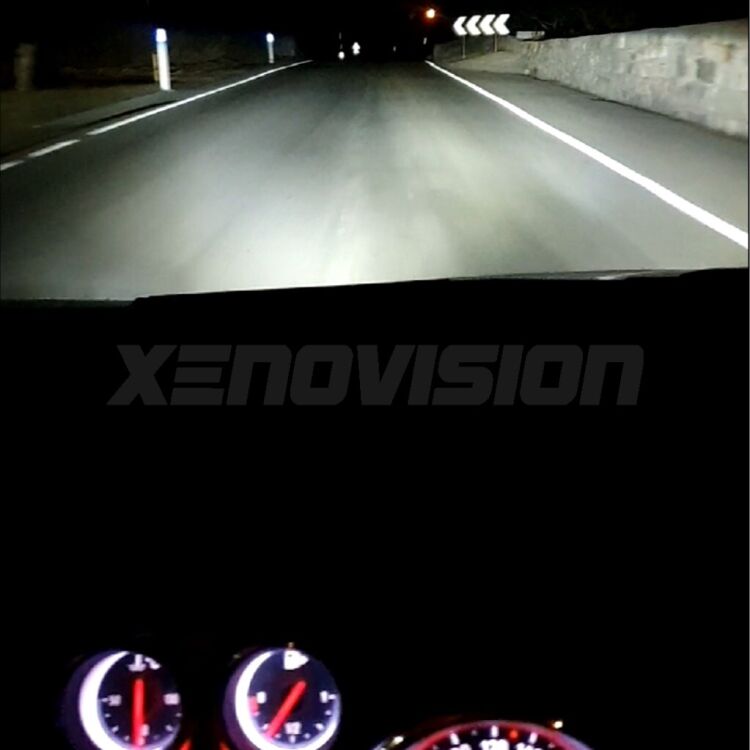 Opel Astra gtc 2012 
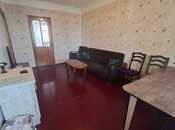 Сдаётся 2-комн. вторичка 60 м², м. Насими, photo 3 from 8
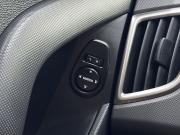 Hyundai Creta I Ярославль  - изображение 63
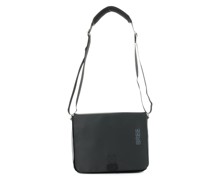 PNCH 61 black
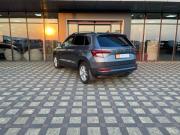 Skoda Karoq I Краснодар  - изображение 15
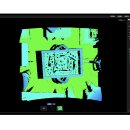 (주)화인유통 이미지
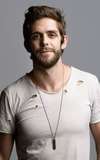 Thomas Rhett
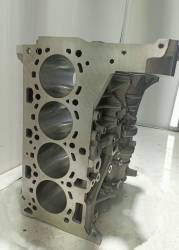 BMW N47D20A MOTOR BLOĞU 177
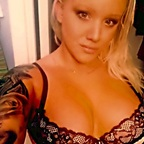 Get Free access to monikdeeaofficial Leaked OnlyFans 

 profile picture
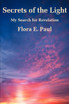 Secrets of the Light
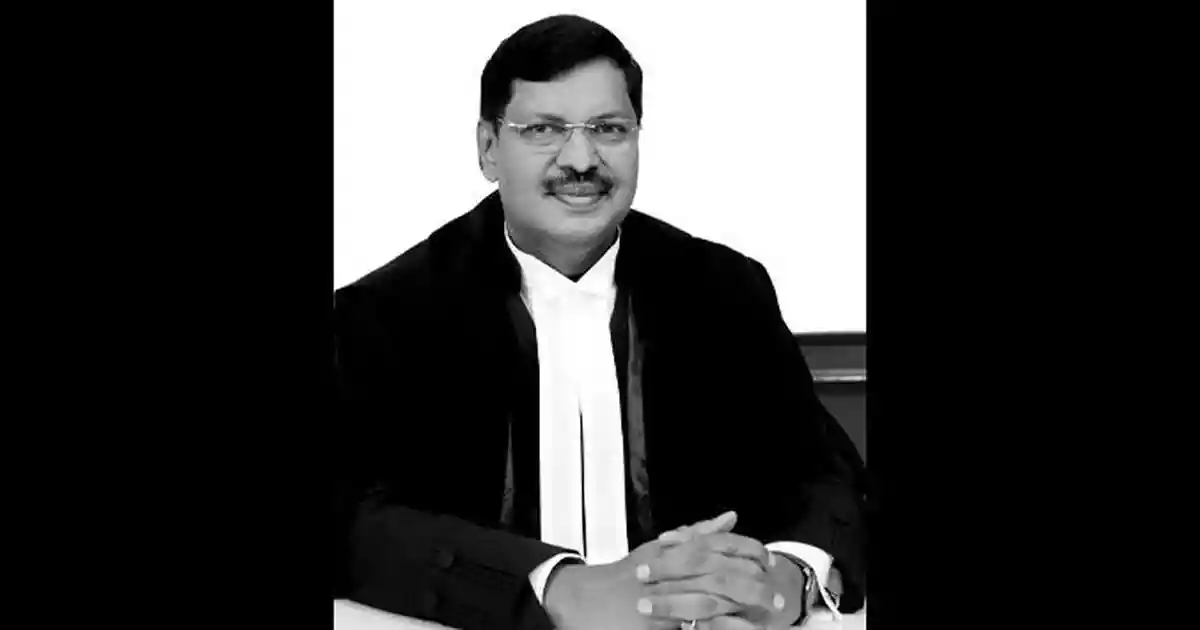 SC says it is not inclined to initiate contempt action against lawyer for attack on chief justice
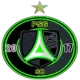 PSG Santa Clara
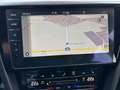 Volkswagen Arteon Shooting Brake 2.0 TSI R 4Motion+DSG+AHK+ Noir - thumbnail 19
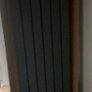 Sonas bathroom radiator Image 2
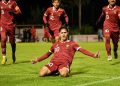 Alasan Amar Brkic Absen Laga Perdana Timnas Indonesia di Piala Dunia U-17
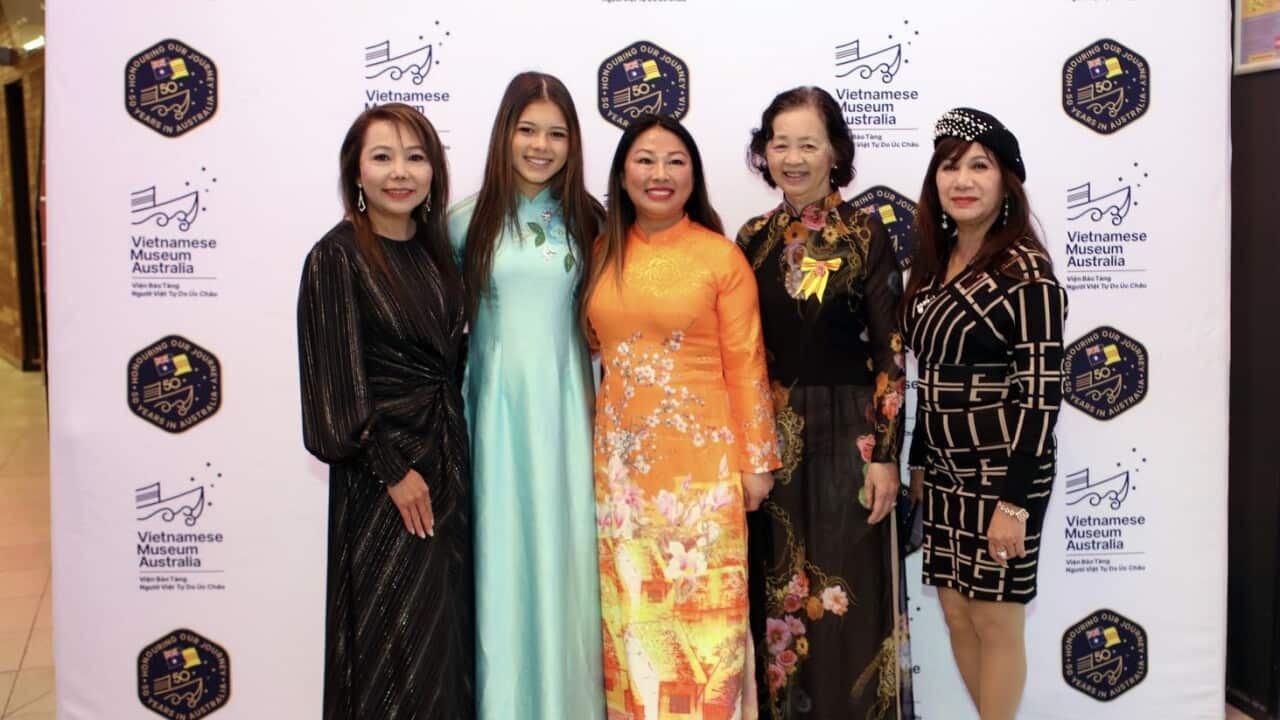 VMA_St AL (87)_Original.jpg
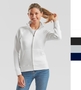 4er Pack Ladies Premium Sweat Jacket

---

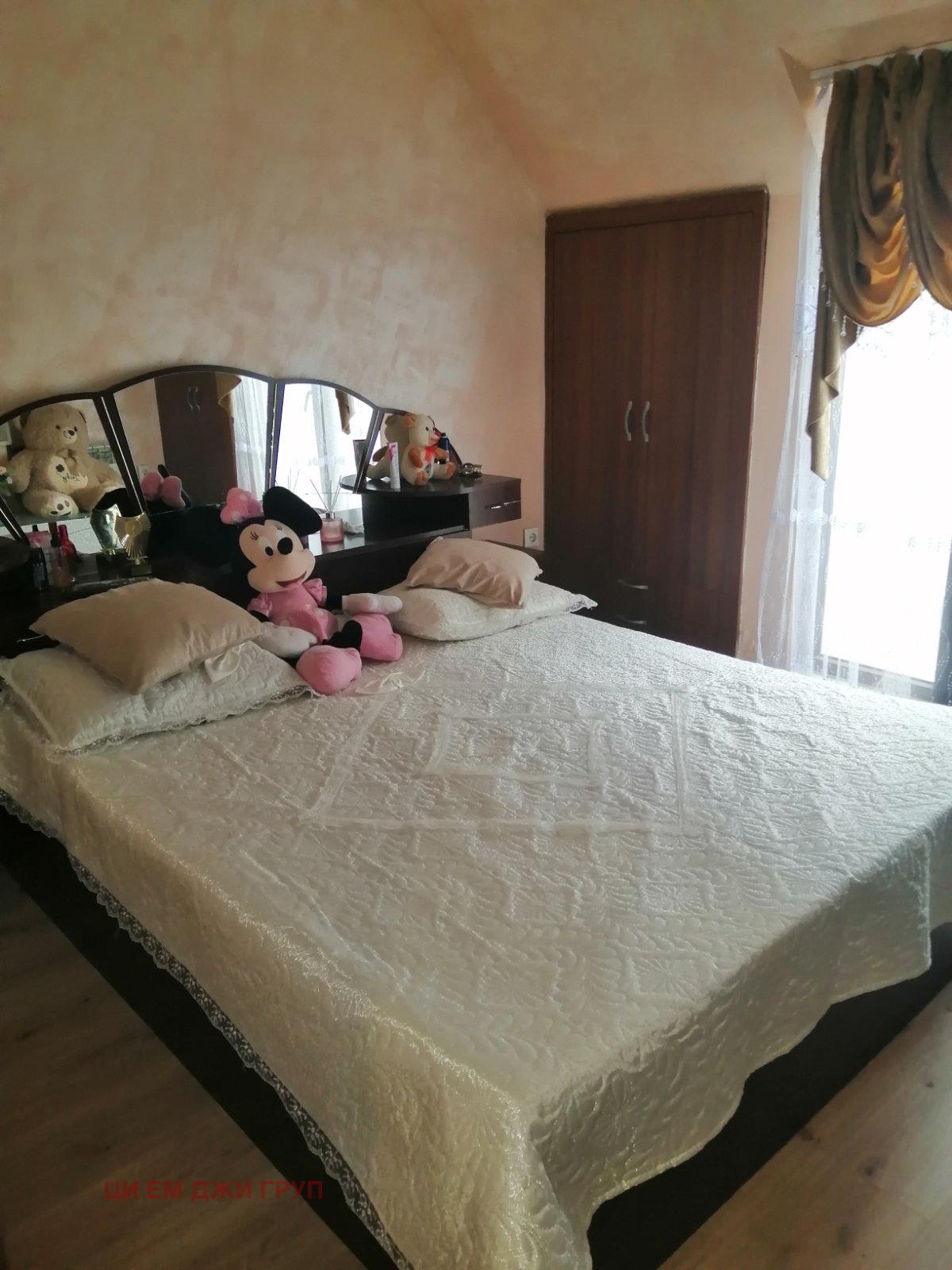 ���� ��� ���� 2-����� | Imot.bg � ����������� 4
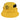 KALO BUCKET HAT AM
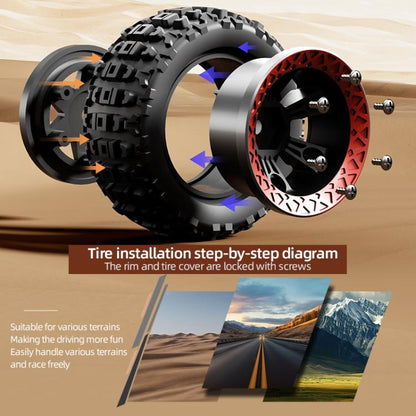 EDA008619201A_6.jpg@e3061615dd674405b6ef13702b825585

...

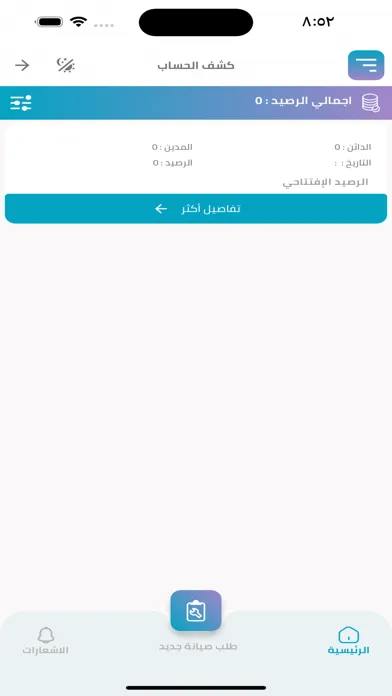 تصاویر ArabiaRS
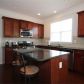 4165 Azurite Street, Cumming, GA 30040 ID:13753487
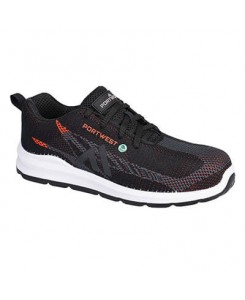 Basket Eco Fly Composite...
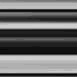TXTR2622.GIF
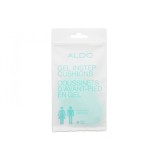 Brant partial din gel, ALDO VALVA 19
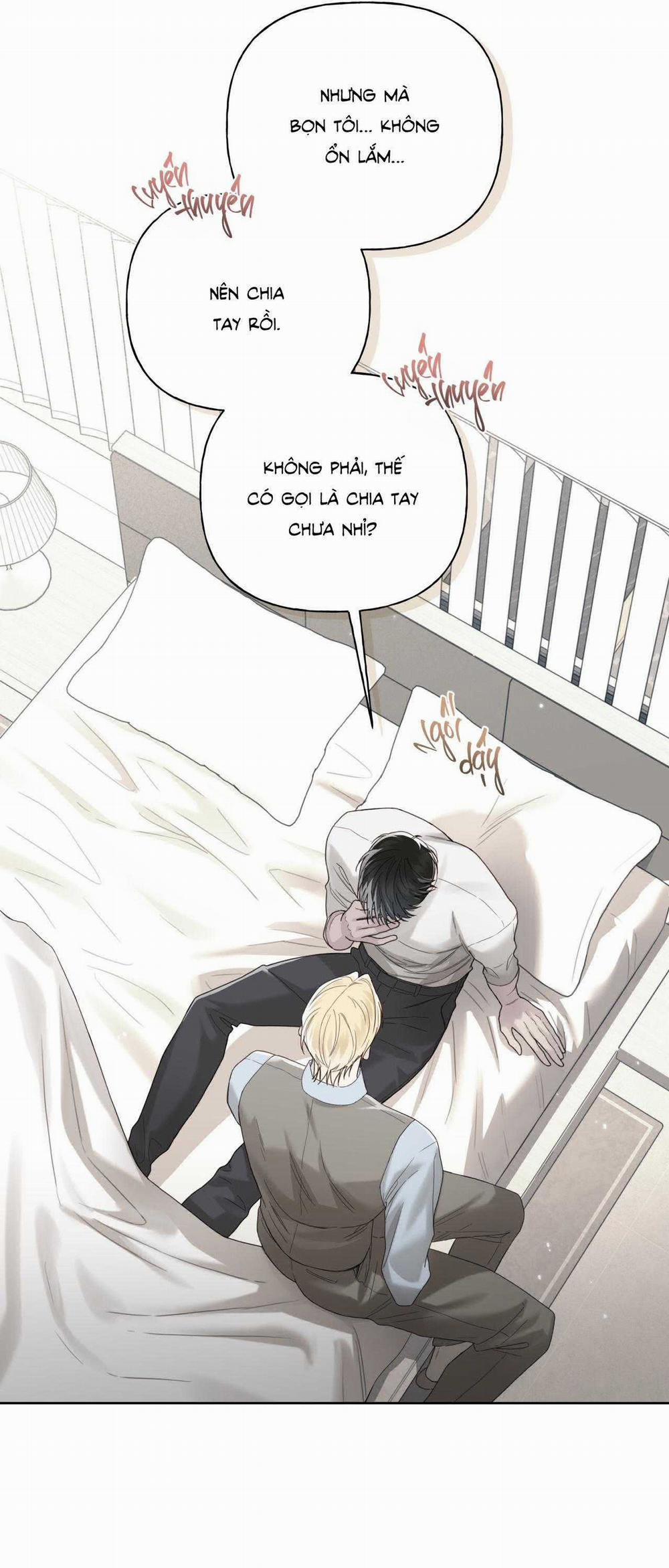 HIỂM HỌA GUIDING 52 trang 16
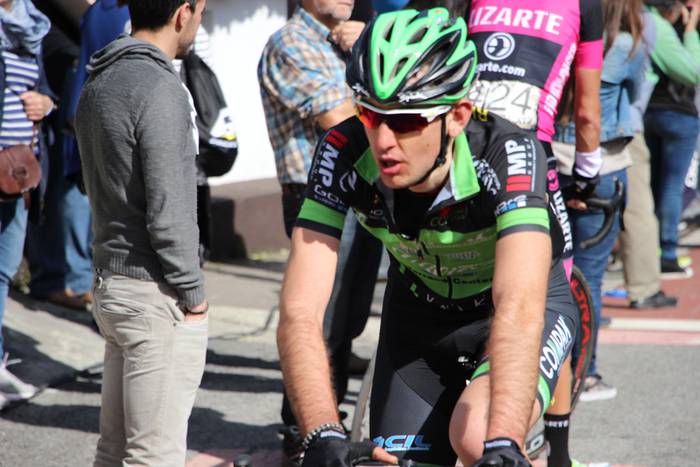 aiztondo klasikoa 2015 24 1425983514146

## EXERCISE PROMPT
Take the entries above and copy exactly the lines starting at the one with "تصاویر ArabiaRS" and ending at the one with "aiztondo klasikoa 2015 24 1425983514146"; nothing outside that span, and no pictures.

## RESULT OF THIS EXERCISE
 تصاویر ArabiaRS
 4165 Azurite Street, Cumming, GA 30040 ID:13753487
 Basket Eco Fly Composite...
TXTR2622.GIF
 Brant partial din gel, ALDO VALVA 19
 HIỂM HỌA GUIDING 52 trang 16
 aiztondo klasikoa 2015 24 1425983514146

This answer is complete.